--- Problem to work on ---
Write out the listing from the line with "When sheet metal" to the line with "S.T.A.L.K.E.R. 2: Heart", both lines included, exactly and nothing beyond. Leave pictures out.

--- Given records ---
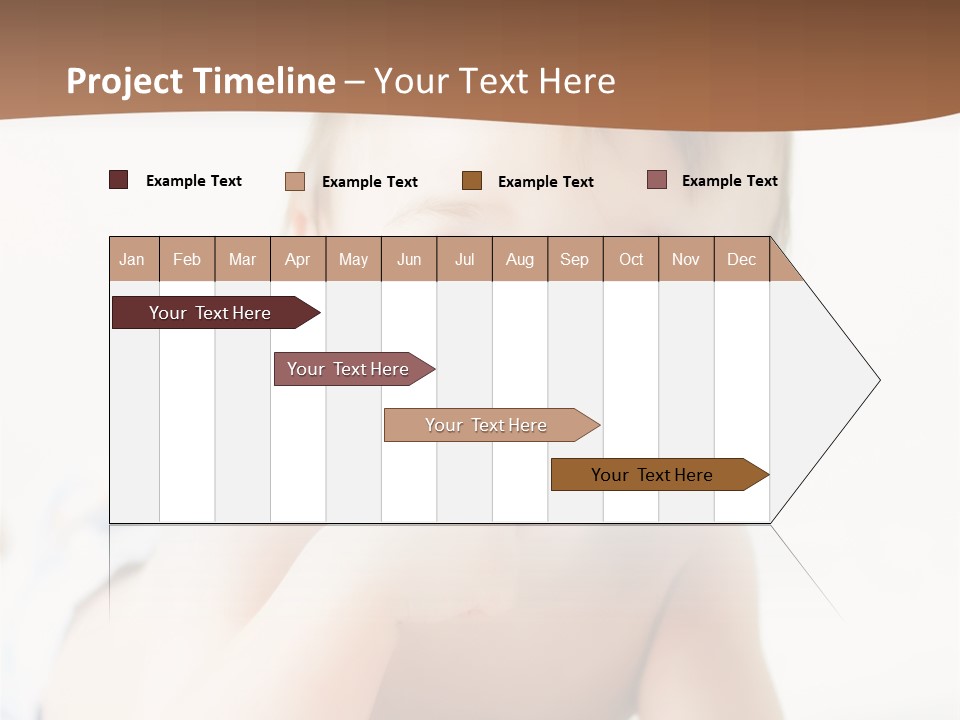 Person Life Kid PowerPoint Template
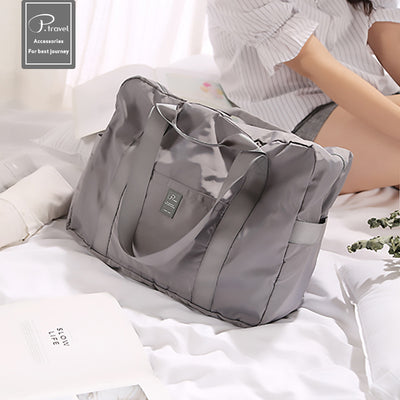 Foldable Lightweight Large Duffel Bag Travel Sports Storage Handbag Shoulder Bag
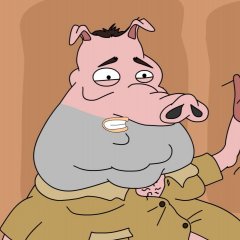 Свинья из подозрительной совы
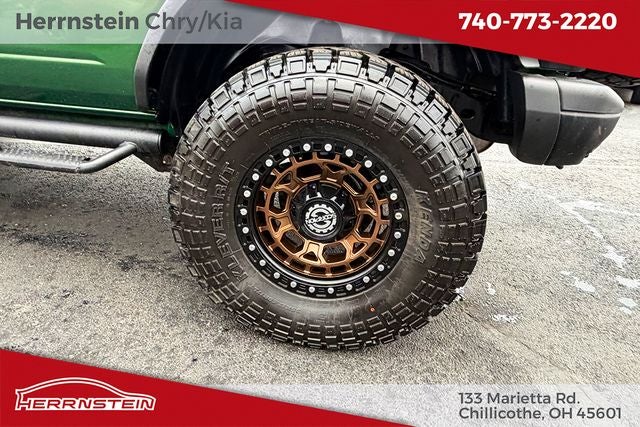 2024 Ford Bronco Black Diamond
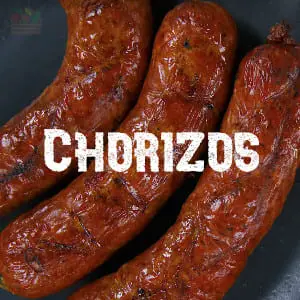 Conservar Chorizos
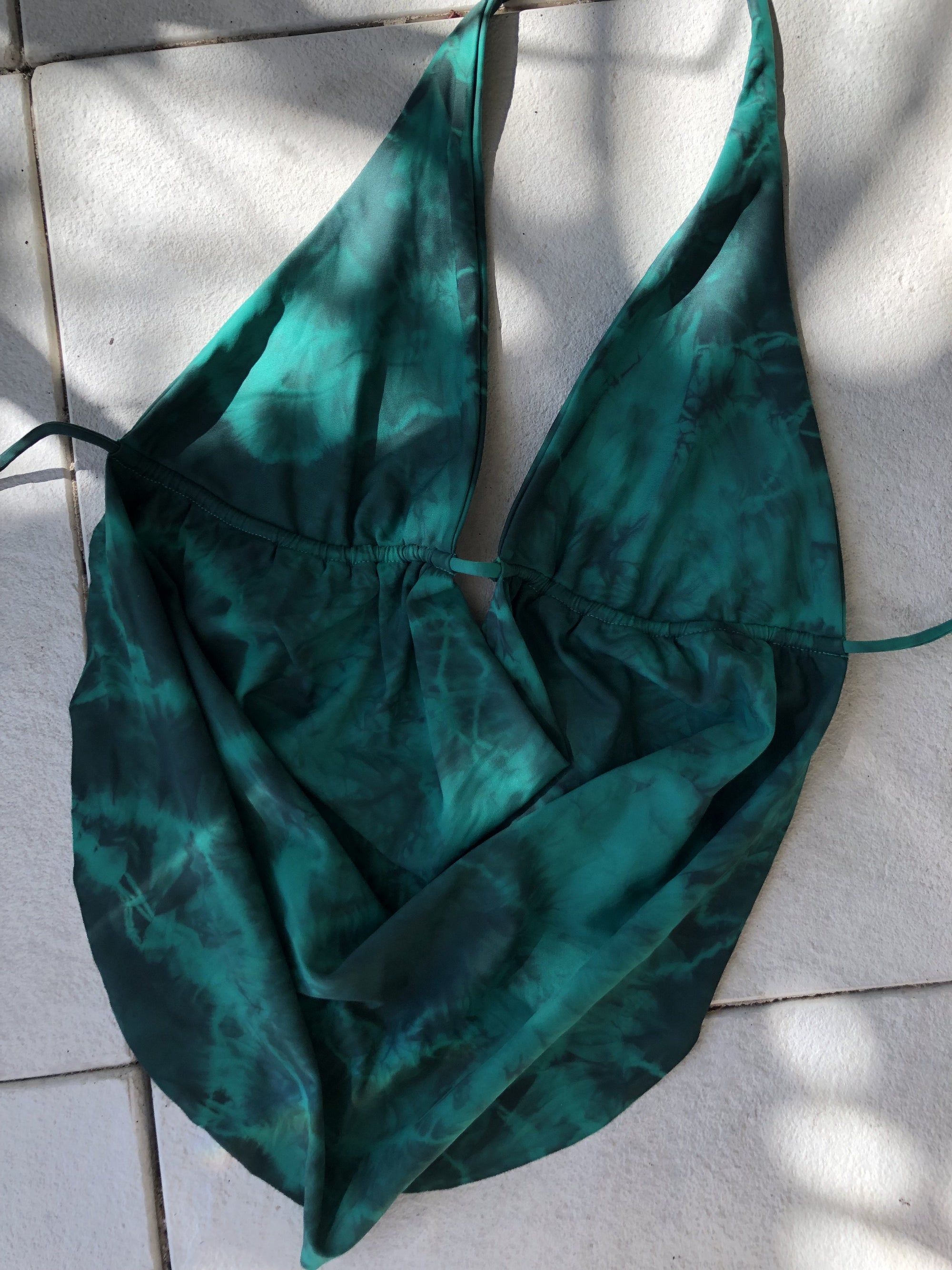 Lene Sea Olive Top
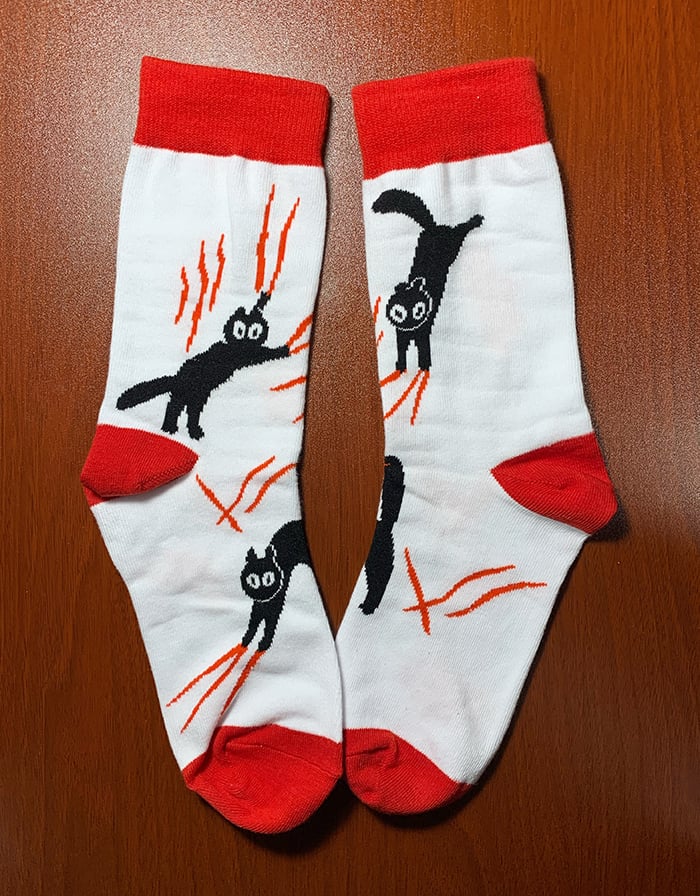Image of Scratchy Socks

--

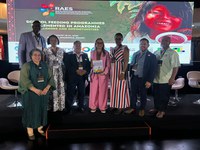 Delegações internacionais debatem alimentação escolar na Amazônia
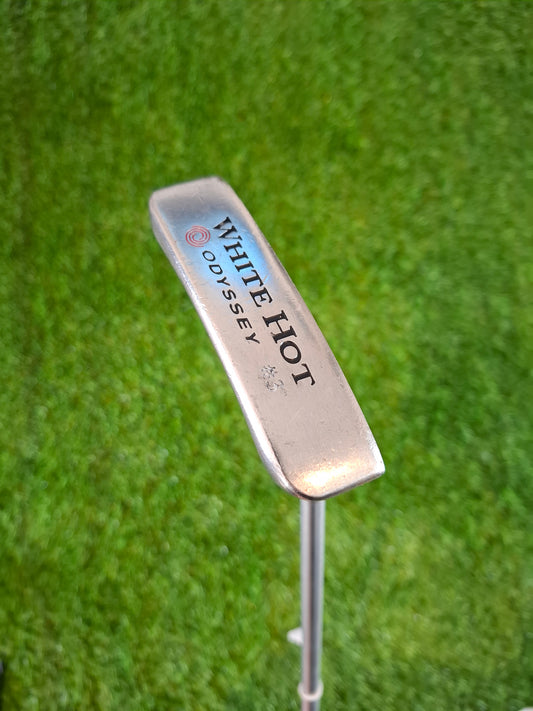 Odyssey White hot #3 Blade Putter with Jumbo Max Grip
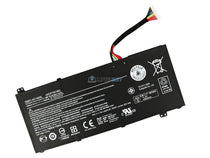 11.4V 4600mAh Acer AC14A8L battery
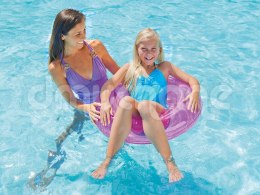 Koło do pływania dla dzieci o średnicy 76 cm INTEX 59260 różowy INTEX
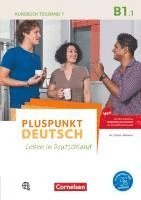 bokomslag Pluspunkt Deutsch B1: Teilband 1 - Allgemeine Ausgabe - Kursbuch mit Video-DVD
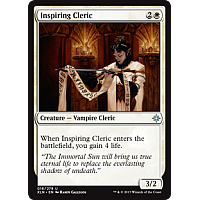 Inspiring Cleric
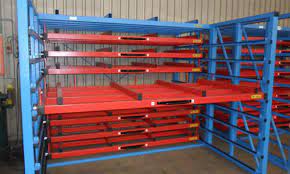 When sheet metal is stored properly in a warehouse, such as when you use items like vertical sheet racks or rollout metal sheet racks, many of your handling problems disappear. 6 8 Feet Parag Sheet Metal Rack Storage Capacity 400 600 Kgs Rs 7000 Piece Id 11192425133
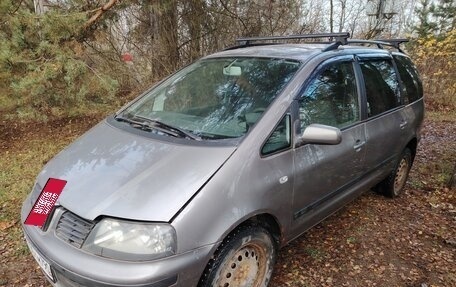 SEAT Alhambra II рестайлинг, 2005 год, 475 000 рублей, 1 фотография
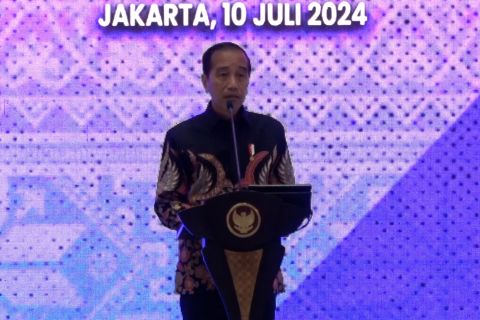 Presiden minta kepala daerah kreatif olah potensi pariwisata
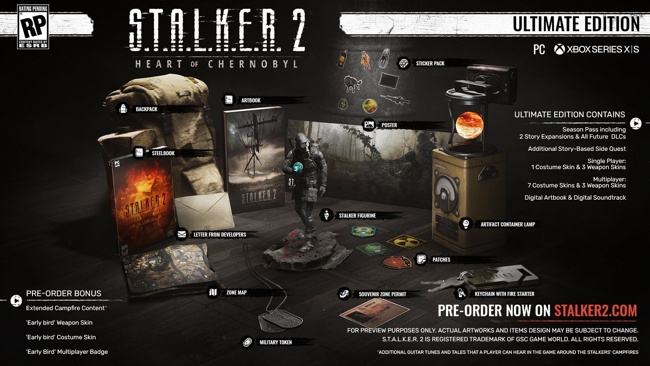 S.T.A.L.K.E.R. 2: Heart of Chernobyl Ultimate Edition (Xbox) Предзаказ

--- Answer section ---
 When sheet metal is stored properly in a warehouse, such as when you use items like vertical sheet racks or rollout metal sheet racks, many of your handling problems disappear. 6 8 Feet Parag Sheet Metal Rack Storage Capacity 400 600 Kgs Rs 7000 Piece Id 11192425133
 SEAT Alhambra II рестайлинг, 2005 год, 475 000 рублей, 1 фотография
 Presiden minta kepala daerah kreatif olah potensi pariwisata
 S.T.A.L.K.E.R. 2: Heart of Chernobyl Ultimate Edition (Xbox) Предзаказ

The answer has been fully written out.